One of the things that hurt the most being a mother..

This topic might be different to you and your situation. I don’t have my side of the family around, i have my Mother in-law and she is all we have out of all the family we got, Don’t get me wrong she does a wonderful job but it still hurts that we don’t have anyone else.

My first son was born, Travis Luke Gowans 16th of October 2014, he had a few problems – Clicky hips, hole in his heart (was a heart murmur but thats exactly how she explained it) and he had this “hormone rash”.  After his check up i cried and cried once my husband and his brother left. I was a first time mother with no one by my side, no mother or sister. I had a traumatic cesarean my spinal wore off during surgery, the baby blues which turned into Postpartum Depression.  A week later we got his rash checked out because the community nurse said to, so we did. First doctor was in Cranebook and it was a female doctor, she had told us this ” to put a HOT washer on the puss dules and they will pop” I didn’t think that sounded right as he was a newborn and you obviously DO NOT put anything HOT on a baby or child or even adult! Anywho we booked another appointment for Dr Fa, he done swabs on the puss pimples.
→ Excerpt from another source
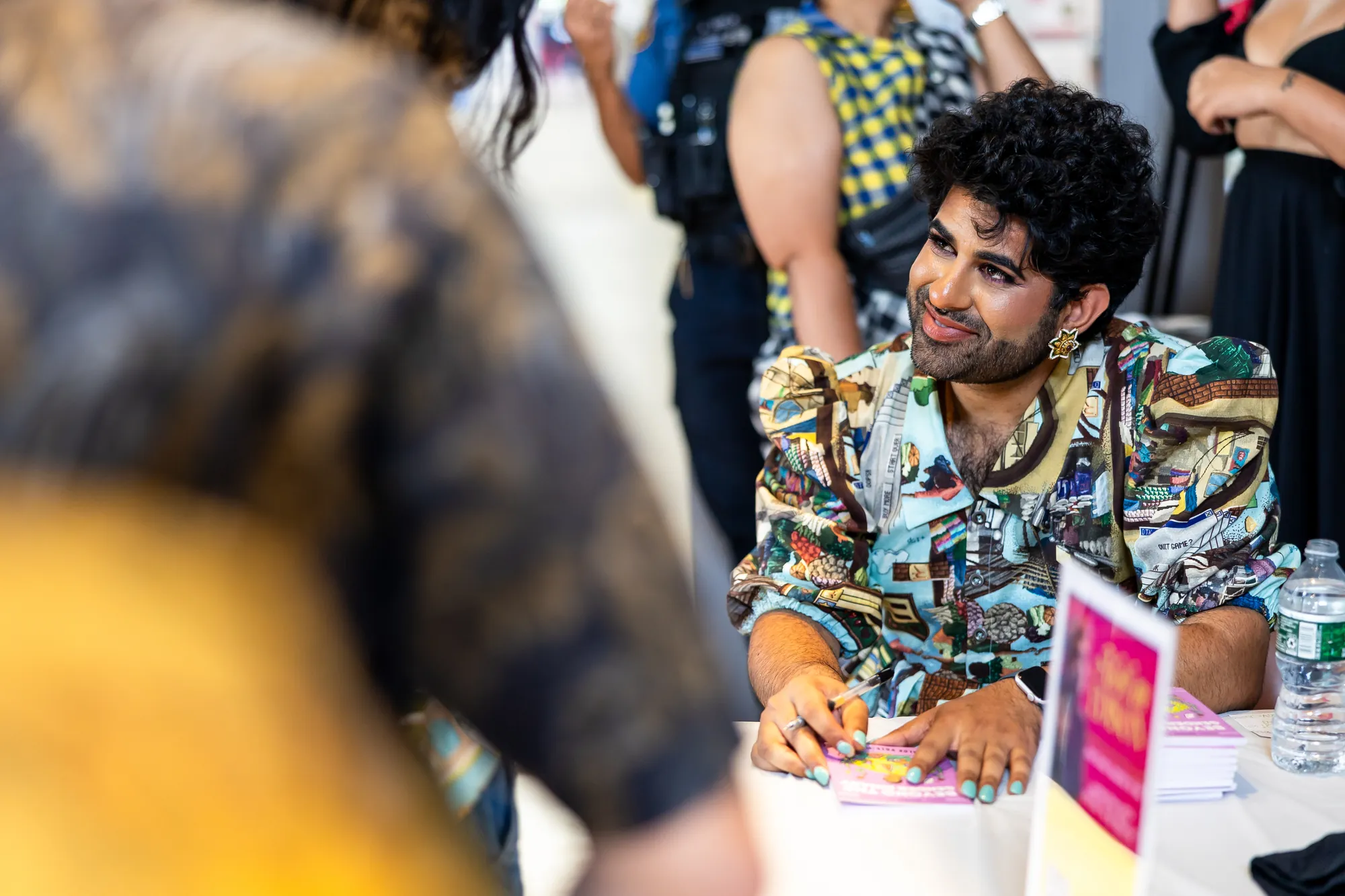 Alok, smiling in a colorful printed shirt, signs books for a line of guests at Desi Rainbow’s community event in Edison, New Jersey.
1 Day later, i get a phone call from him which i knew couldn’t be good. I was breastfeeding Travis on the lounge my husband was out grabbing a few things. He said   “Hi Rhian, i got your results for Travis Gowans and you need to bring him in asap i need to give you a letter and you need to go straight to emergency!” I responded then hung up bawling my eyes out to then ring my husband which he wasn’t answering but just got through the door. We rushed out i was on a HEAP of pain from my cesarean, and we got to the doctors got the note then went to emergency.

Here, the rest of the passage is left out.